Dataset entries:
■ ■ ■ ■ ■ ■ ■

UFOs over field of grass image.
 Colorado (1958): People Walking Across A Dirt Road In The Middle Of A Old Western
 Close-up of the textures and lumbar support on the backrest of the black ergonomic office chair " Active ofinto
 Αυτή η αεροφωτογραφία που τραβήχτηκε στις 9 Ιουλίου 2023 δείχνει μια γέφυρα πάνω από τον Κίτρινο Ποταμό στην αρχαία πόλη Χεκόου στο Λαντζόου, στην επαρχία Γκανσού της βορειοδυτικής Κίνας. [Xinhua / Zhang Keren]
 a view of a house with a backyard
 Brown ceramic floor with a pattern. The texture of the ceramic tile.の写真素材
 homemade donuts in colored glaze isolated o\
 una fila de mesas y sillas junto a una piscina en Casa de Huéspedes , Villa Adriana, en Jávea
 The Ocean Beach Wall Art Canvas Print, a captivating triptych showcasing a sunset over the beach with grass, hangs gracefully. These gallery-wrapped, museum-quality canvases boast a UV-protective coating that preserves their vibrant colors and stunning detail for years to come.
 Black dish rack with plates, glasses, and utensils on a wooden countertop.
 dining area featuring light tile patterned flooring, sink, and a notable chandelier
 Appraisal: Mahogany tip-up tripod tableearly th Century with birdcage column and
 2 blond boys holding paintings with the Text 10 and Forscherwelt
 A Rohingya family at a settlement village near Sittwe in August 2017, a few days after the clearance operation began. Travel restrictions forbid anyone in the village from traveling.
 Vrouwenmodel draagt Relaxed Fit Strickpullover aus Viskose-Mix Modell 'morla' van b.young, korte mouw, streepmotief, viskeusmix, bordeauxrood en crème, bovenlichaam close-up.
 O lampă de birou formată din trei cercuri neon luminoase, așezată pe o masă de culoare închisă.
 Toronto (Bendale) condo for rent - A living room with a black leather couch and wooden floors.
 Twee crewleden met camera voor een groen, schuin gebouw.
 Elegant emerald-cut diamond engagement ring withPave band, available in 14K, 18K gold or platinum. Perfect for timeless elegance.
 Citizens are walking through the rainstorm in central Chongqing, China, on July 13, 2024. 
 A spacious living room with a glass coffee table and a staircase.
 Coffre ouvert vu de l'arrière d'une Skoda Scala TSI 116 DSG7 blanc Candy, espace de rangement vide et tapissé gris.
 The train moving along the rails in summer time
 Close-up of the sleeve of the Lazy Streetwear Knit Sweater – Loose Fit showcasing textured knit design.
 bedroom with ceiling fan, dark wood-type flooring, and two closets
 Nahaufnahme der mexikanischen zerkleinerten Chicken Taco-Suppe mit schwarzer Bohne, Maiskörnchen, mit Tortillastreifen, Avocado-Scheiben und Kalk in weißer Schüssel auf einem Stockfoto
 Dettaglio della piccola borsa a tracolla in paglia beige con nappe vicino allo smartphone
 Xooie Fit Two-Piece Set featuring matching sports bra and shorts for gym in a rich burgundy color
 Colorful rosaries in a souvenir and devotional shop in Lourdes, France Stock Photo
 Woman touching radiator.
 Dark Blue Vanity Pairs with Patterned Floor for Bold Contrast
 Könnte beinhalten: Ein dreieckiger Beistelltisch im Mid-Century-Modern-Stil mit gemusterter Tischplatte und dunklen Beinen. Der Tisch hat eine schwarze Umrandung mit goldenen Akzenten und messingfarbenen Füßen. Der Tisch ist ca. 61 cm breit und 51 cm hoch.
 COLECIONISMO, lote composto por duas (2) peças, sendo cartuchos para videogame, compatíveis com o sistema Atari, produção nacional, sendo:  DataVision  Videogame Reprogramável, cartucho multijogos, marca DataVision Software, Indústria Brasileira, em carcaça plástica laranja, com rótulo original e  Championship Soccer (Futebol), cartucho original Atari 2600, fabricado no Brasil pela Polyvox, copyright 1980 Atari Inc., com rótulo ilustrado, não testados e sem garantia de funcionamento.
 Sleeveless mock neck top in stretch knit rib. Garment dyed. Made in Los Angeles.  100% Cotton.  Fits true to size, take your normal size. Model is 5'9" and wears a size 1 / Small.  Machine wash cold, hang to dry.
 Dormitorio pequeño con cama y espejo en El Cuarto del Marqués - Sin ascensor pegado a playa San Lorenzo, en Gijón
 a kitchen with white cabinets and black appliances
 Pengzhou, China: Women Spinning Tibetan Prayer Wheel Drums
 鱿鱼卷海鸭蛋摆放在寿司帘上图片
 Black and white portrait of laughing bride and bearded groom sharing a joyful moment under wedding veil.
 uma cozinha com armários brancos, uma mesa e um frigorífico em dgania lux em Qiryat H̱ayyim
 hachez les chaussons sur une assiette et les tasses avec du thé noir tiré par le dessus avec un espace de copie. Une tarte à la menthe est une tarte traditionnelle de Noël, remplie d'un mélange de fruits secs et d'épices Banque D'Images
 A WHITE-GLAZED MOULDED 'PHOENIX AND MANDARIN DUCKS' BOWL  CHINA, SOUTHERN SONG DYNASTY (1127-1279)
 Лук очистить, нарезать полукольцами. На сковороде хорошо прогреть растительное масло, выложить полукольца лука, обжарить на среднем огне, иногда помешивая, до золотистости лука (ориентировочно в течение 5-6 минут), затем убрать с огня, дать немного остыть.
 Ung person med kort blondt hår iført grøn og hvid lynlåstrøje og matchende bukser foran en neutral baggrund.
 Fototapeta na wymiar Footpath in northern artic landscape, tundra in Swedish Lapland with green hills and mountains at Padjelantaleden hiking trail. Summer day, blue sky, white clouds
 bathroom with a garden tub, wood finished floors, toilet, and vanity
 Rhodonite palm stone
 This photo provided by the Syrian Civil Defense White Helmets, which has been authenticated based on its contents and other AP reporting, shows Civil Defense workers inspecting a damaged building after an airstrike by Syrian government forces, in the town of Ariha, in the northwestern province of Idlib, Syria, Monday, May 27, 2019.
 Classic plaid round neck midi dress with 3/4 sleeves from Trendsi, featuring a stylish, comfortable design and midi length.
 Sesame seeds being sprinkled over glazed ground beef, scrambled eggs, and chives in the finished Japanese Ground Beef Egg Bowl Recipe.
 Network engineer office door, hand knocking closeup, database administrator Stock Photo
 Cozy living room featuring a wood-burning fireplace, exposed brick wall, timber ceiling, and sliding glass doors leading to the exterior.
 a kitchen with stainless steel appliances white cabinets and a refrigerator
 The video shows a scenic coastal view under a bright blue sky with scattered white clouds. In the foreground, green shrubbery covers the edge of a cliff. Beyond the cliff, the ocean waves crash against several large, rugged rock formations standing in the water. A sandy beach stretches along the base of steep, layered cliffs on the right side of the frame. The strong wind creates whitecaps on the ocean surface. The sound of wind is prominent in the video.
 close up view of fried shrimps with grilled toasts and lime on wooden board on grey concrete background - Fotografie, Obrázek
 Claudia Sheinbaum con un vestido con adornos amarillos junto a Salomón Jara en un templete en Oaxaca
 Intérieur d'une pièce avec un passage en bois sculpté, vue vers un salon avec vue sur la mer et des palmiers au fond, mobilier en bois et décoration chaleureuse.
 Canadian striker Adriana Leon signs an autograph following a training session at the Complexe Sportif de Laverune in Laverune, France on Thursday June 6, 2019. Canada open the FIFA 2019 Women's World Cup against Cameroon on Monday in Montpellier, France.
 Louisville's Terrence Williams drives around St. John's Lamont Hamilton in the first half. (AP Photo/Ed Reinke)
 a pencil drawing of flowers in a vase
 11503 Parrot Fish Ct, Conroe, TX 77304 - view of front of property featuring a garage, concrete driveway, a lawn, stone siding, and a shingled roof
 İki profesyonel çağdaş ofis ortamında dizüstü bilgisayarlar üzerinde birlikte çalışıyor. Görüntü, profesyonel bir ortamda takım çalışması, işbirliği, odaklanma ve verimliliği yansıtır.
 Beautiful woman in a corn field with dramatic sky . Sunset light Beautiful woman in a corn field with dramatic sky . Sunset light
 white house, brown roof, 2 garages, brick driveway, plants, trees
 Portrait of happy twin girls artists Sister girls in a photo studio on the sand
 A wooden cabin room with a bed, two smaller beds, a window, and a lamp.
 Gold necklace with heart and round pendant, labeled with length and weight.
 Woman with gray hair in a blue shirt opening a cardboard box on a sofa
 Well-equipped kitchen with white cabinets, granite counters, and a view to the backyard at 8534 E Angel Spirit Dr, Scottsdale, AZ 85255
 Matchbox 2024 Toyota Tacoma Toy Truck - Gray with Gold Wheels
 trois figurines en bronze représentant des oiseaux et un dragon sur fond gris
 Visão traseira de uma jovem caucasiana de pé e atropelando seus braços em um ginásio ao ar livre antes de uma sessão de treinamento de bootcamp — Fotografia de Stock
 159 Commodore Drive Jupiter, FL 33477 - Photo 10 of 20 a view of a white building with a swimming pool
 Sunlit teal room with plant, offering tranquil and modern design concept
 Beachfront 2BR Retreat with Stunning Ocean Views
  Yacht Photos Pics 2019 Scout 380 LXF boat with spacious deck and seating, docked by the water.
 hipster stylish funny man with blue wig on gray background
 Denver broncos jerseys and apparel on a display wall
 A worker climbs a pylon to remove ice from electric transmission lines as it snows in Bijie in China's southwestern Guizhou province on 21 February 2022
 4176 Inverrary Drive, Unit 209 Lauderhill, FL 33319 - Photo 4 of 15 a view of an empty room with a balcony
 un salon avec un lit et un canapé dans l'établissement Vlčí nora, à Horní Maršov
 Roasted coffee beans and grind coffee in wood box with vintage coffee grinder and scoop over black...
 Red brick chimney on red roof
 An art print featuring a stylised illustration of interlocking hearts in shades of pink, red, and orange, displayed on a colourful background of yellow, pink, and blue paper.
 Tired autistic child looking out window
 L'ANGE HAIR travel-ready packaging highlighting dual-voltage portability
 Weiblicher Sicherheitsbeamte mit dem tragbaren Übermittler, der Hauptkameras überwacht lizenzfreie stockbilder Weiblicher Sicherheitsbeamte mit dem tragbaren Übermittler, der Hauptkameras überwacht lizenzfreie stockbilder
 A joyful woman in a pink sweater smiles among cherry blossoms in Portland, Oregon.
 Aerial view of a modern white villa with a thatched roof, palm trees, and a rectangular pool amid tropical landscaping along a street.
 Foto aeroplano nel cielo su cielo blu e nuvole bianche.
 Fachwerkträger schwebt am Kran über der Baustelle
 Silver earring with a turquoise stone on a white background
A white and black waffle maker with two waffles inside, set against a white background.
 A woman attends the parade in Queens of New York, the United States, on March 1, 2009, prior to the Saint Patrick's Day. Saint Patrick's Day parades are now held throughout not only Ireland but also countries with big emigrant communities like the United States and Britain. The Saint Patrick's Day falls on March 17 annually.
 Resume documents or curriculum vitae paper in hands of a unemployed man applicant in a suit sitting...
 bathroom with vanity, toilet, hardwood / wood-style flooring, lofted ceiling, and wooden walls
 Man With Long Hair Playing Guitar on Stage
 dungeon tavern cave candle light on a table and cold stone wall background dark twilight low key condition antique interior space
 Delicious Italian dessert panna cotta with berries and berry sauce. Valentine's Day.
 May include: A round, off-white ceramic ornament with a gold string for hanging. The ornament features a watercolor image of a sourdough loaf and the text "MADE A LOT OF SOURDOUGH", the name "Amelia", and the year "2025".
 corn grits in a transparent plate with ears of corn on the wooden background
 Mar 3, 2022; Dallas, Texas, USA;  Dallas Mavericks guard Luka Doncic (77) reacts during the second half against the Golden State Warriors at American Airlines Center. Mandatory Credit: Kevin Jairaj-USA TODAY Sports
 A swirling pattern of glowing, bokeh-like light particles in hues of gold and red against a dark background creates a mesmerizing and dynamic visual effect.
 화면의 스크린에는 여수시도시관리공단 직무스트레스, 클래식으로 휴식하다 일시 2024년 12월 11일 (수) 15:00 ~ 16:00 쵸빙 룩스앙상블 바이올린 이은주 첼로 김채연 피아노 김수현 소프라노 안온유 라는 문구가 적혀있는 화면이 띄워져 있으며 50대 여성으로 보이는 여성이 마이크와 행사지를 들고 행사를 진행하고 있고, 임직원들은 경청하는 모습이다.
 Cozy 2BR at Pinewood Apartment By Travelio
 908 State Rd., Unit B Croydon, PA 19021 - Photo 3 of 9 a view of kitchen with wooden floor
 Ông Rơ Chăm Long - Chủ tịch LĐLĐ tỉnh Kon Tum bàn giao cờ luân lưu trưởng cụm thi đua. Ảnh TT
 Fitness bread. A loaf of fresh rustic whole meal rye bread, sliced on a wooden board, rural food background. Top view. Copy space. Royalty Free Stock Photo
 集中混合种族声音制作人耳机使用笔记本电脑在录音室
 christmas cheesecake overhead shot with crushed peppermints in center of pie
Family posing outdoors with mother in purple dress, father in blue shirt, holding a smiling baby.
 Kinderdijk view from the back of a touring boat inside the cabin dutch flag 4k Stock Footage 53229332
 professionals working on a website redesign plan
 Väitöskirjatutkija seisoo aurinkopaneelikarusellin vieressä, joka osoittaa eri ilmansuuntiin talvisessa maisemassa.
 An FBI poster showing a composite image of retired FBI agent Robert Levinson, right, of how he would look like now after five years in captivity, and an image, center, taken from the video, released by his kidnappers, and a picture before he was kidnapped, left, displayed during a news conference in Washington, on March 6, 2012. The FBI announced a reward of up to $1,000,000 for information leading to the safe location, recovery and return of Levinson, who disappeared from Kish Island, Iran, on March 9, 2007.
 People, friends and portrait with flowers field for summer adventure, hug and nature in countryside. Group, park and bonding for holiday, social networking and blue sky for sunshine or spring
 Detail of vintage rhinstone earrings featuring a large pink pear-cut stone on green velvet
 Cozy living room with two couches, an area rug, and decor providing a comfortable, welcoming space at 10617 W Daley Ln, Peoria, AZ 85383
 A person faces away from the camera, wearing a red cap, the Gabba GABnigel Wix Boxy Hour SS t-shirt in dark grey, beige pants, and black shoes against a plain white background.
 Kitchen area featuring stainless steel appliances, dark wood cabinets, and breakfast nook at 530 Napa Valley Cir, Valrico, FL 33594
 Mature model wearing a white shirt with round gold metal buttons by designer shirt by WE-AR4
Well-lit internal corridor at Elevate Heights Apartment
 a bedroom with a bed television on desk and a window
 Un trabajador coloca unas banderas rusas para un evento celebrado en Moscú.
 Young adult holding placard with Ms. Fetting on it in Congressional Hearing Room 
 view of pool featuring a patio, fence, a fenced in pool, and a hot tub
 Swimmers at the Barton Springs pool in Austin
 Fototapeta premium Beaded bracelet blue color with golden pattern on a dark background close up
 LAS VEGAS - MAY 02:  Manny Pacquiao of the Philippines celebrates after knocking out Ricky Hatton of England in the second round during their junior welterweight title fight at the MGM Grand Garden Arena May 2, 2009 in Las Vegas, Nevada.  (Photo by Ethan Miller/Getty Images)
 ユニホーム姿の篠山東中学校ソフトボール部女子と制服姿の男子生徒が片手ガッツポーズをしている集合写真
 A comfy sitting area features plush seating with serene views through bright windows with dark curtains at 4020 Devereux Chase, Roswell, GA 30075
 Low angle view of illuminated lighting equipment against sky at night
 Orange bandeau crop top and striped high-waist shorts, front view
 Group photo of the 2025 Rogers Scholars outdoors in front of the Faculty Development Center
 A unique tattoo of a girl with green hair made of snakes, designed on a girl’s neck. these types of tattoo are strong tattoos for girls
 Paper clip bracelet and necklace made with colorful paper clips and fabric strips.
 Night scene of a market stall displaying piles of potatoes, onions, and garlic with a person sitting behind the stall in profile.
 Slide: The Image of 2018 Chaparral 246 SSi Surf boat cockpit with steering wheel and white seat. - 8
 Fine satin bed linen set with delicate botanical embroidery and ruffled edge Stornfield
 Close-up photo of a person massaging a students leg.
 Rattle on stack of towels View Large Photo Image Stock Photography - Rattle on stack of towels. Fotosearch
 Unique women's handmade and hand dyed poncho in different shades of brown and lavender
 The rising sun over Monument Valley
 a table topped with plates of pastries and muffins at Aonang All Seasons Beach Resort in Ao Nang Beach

■ ■ ■ ■ ■ ■ ■

Exactly the lines above from the one with "May include: A" to the one with "908 State Rd., Unit", both included, are to be quoted; leave the rest out.

» EXPECTED ANSWER:
 May include: A round, off-white ceramic ornament with a gold string for hanging. The ornament features a watercolor image of a sourdough loaf and the text "MADE A LOT OF SOURDOUGH", the name "Amelia", and the year "2025".
 corn grits in a transparent plate with ears of corn on the wooden background
 Mar 3, 2022; Dallas, Texas, USA;  Dallas Mavericks guard Luka Doncic (77) reacts during the second half against the Golden State Warriors at American Airlines Center. Mandatory Credit: Kevin Jairaj-USA TODAY Sports
 A swirling pattern of glowing, bokeh-like light particles in hues of gold and red against a dark background creates a mesmerizing and dynamic visual effect.
 화면의 스크린에는 여수시도시관리공단 직무스트레스, 클래식으로 휴식하다 일시 2024년 12월 11일 (수) 15:00 ~ 16:00 쵸빙 룩스앙상블 바이올린 이은주 첼로 김채연 피아노 김수현 소프라노 안온유 라는 문구가 적혀있는 화면이 띄워져 있으며 50대 여성으로 보이는 여성이 마이크와 행사지를 들고 행사를 진행하고 있고, 임직원들은 경청하는 모습이다.
 Cozy 2BR at Pinewood Apartment By Travelio
 908 State Rd., Unit B Croydon, PA 19021 - Photo 3 of 9 a view of kitchen with wooden floor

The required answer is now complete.